Naukowcy mówią o lepszych wynikach niż spodziewali. Chodzi o eksperyment zamiany węgla w gaz, który na powierzchni posłuży do produkcji energii. To nadzieja dla polskiego górnictwa, które emituje zbyt dużo CO2 i wymaga nowych technologii pozwalających dotrzeć do trudno dostępnych pokładów węgla.
Prowadzony od końca czerwca w katowickiej kopalni Wieczorek eksperyment podziemnego zgazowania węgla, czyli zamiany węgla w gaz, przebiega zgodnie z planem; można mówić o sukcesie - oceniają prowadzący tę próbę naukowcy z Głównego Instytutu Górnictwa (GIG).
Ekologiczny węgiel
Zdaniem ekspertów, zgazowanie węgla może być w przyszłości z powodzeniem stosowane w polskich kopalniach, zwłaszcza tam, gdzie wydobycie jest utrudnione lub pozostały resztki tego surowca. Zamiana węgla w gaz, który na powierzchni posłuży do produkcji energii, może też uczynić węgiel bardziej ekologicznym. Należąca do Katowickiego Holdingu Węglowego kopalnia Wieczorek jest pierwszym w Europie czynnym zakładem górniczym, w którym pracuje instalacja do zgazowania węgla. Eksperyment trwa od 30 czerwca. - Możemy mówić o sukcesie, ponieważ po siedmiu tygodniach eksperyment nam się udaje. Przebiega zgodnie z naszymi założeniami, zgodnie z tym, co chcieliśmy uzyskać - powiedział podczas wtorkowego spotkania z dziennikarzami prof. Krzysztof Stańczyk, koordynator Centrum Czystych Technologii Węglowych w Głównym Instytucie Górnictwa GIG.

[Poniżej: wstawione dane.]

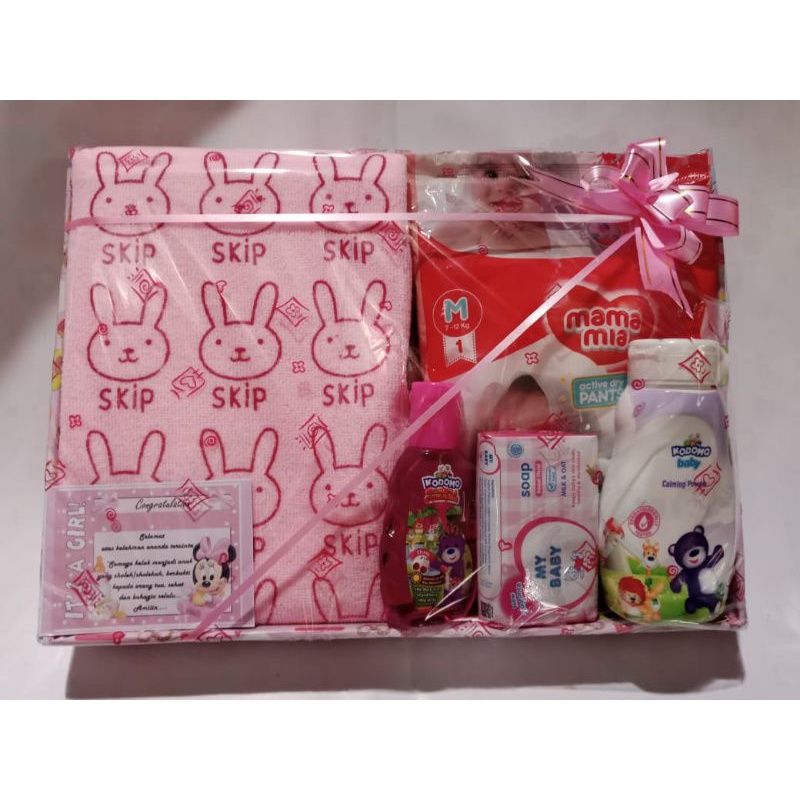 KADO BAYi/PARCEL BAYI/HADIAH BAYI/TENGOK BAYIparcel bayi/ kado bayi/parcel baby/hampers baby gift/perlengkapan bayi/kecantikan bayi/parpum bayi/sabun bayi/shampo bayi/ bedak bayi/set mandi bayi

Podziemne zgazowanie węgla polega na doprowadzeniu do zapalonego złoża węgla tzw. czynnika zgazowującego (np. powietrza lub pary wodnej) i odbiorze wytworzonego gazu na powierzchni. Najważniejsze jest umiejętne sterowanie podawaniem czynnika zgazowującego tak, by uzyskać temperaturę umożliwiającą wytwarzanie gazów o określonym składzie. Uzyskiwany w ten sposób gaz można użyć do wytwarzania ciepła i elektryczności w energetyce; może zastąpić gaz ziemny w chemii, można go także użyć do wytwarzania paliw płynnych. Naukowcy próbowali w Wieczorku różnych mediów zgazowujących: powietrza, tlenu, pary wodnej, dwutlenku węgla. Nauczyli się kontrolować proces - jak ocenił Stańczyk – nawet bardziej, niż się spodziewali.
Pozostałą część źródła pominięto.